1 - Too short and lacking challenge

2 - Simple enough and different enough to be worth a play through.

Innovation

2

2 - The movement between sea-faring and ship-fighting is cool

3 - Very nice approach to a ship board adventure. I like the idea of the boarding battles and ship chases, just wish ship chases had got into the game. And the difficulty was such that you'd not be getting a constant influx of free pistol fodder, but have to explicitly hire troops. And some counterbalance against just having a ridiculous number of troops.

Scope

3

2 - On the low end of the scale, as there's really not much variety to the game, but the way it's all done is interesting

1 - The ship boarding battle shows a lot of work in AI, but then there is no sign of that in the overland map where ships seem to mindlessly travel from port to port. Would have expected Ws to chase me down or similar, rather than just wait to be harvested. Only one map. There may be a lot of different player types in the combat system, but it is hard to tell when your role quickly becomes hiding in the backlines while your troops finish off the foe.

Roguelikeness

3

2 - No procedural environments, and no real tactical depth

1 - No random maps. Separate combat screens. "you" aren't doing the combat, but your comrades are.
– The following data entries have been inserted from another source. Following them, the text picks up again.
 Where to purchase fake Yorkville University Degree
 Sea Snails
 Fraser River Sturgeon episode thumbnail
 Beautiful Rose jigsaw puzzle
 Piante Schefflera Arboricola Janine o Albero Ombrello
A game of sailing the seas and boarding ships. Loot money from lesser ships so you can hire more pirates and take on bigger ships until you have a big enough crew to go for the boss. Reasonably well implemented but it lacks variety.

Piraten provides a big departure from the roguelike norm. Adventure in the high seas, pillaging trade ships, and building up a following of bloodthirsty comrades. If you get powerful enoughl Fight your way to the Golden Bay!

Rogue - The Cardlike

Completeness

2 - Card descriptions contain typos, some have even wrong symbol. Rules are a bit unclear.
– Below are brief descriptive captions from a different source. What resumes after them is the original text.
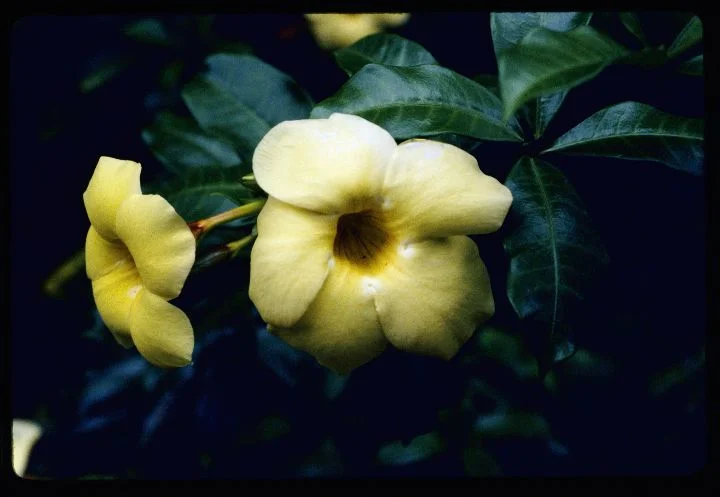 0562 Yellow Flower.jpg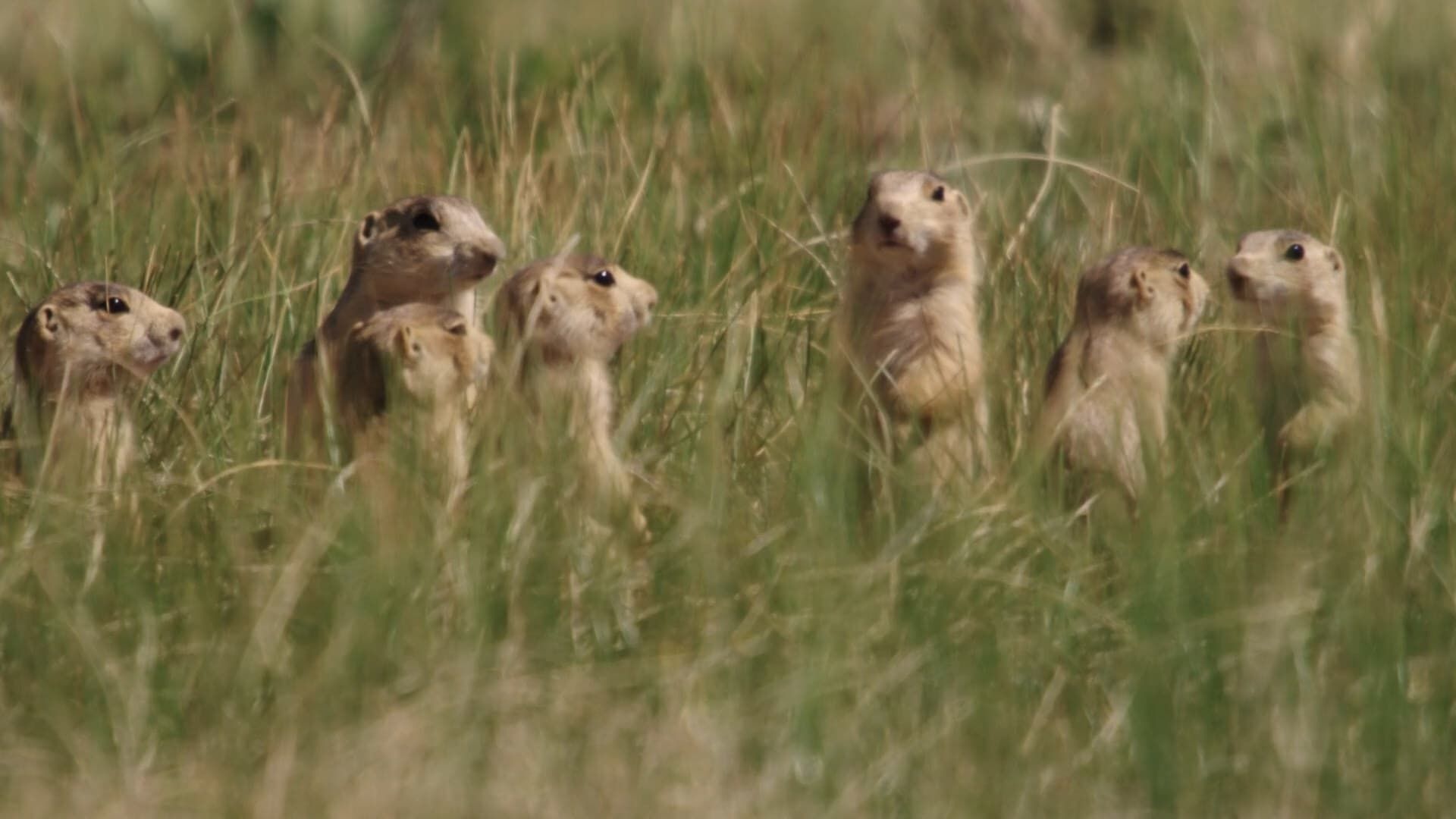 Prairie Dog Manor background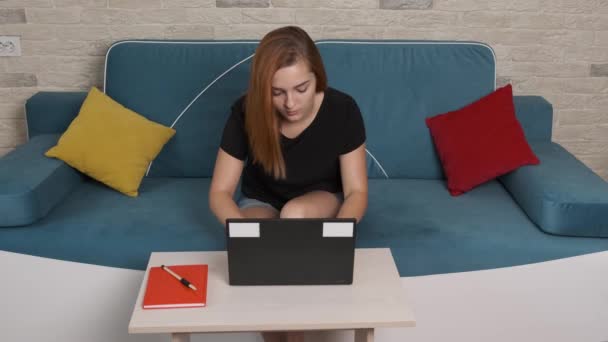 Koncentrerad ung kvinna som sitter på en blå soffa och arbetar på laptop. — Stockvideo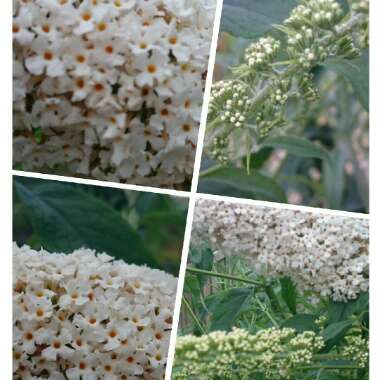 Butterfly Bush 'Marbled White'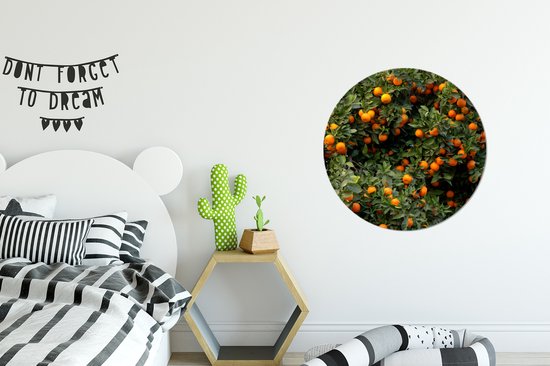 Wall Circle - Wall Circle Indoor - Orange - Arbre - Fruit - 60x60 cm - Décoration murale - Peintures Ronds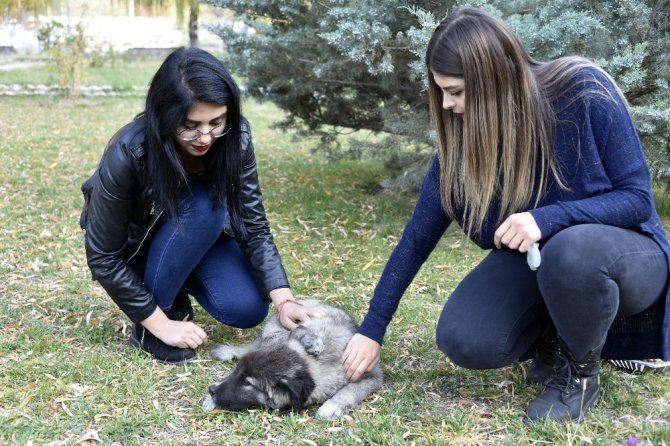 Çöplükteki ’Şanslı’nın Şansı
2 - Has all the cards you need to play for the most part. The instructions are a bit weak in places and there are some typos.

2 - Card distribution is surprisingly well balanced. Combat mechanics, however, are way too easy.

Aesthetics

1 - Below average for a card game. Sure, it has to represent Rogue but monsters' numbers are placed inconsistently, traps lack symbol at all. It is monochrome. Some DOS versions of Rogue used extended ANSI characters but Cardlike missed that opportunity.

2 - Physical cards for a multiplayer game is one of the best techniques around, though in this case, the cards could have used better artwork or flavor text

2 - Frequent typos (buckLer, etc) mar the text. But the flavour text is interesting! The font for the characters could be better, ( and ] are pretty close together, for example.

Fun

3 - This is heaps of fun and very replayable.

2 - Definitely a game for groups of 4 or more. I played was 1 and 2 players and it was a bit dicey, but if enough players, you could have some politics at play to make the game more interesting

1 - You'll spend longer cutting cards than playing, sadly. That said, if the combat mechanic could be fixed, the rest of the game has a lot of interesting interactions between the cards.

Innovation

3 - Just for being a card game.

2 - When push comes to shove, the game is pretty much Munchkin with the serial number filed off, but it is pretty innovative for a Roguelike

3 - Definitely thinking out of the roguelike box. I like the _idea_ of the "dice" mechanic, but as done it doesn't work well. It is a lot of fun to play a tactile game where the manipulation of the game is part of the game.

Scope

2 - Could use a room picture to represent area where to put drawn cards, dungeon picture to put deck and few others. Still amount of cards is good.

1 - Maybe a bit harsh, but the scope if effectively, "Port Rogue to Munchkin"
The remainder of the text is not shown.